I hold a weekly [00:27:00] office hours. I send out a newsletter every couple of weeks. I love documentation, so we’ve written an extensive Wiki on how to use this project. I’d be very curious, actually, if anybody else has ways they’ve taught people to use dbt Core. Other ideas, feel free to post those in Slack. And we’ve had over 30 contributors.
And this includes not only actuaries, but all sorts of other people. My favorite is that we had a project manager actually contribute a pull request.
[00:27:41] What we haven’t figured out yet #
[00:27:41] Elliot Wargo: And then finally, I want to leave you with this. So we started out with this big project, or we started with a small project. It turned into a big project. This is actually now my full time job, essentially to maintain this and keep scaling it out, and as we built it out, we keep coming across problems. [00:28:00] Pretty much, we’ve been able to figure all those out. Right now, here are some of the things that we’re trying to figure out. If you have any brilliant ideas, I want to share them with me. Please feel free to reach out. But again, on the technology and the people side. So on the technology side, I mentioned this earlier, but how do we consistently and quickly get the data we need loaded to databases?
Our data management team has been built around loading data from applications. For analytics, often you need data from all different sources, and much more quickly than we are used to. In terms of the pipelines, we define tests and those tests fail, which is great. That means we’re checking our data, but how do we effectively prioritize those?
How do we effectively address them? There are many different places that there could be a problem that caused that test to fail. And then what is the right level of documentation? As I mentioned earlier, we have pretty high standards. [00:29:00] Some cases we’ve had to discuss, should we lower those standards to move more quickly?

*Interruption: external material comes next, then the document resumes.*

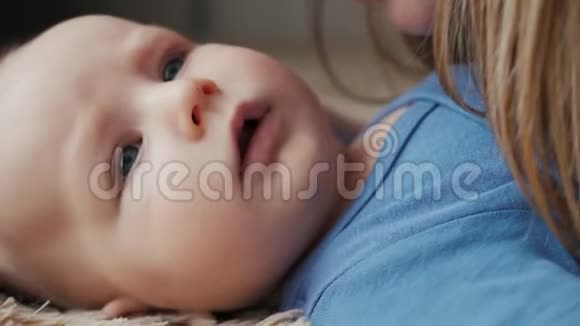 一个美丽的女人亲吻婴儿的肖像母亲亲吻她新生的婴儿视频的预览图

And then on the people side, again. This new workflow is very different from what people are used to, and we continue to have challenges training people how to use it, convincing people to use it. So we think through a lot, how do we make this more of a core part of people’s workflows rather than just something they contribute to once, try out, and then don’t use again. Related to this, who should be using dbt? We have a couple analysts that say, "hey, my time is better spent doing analysis rather than learning this new workflow." That could be a valid point. How do we think through that? And then how do we get people to move from beginner to expert? So we have a lot of beginners and just a few experts.
How do we get more people to move up there and become bigger [00:30:00] contributors? So that’s our story. I hope that you can learn something from it, and I will mention that we are hiring. I think that’s obligatory to say here. If this sounds interesting, feel free to reach out to me. You can do that in Slack and I’d be happy to talk.
I’d also be happy to hear about your experience. If you’ve implemented dbt Core, how are you using it, how you are training people, what challenges you’ve come across,.Just reach out. Thanks.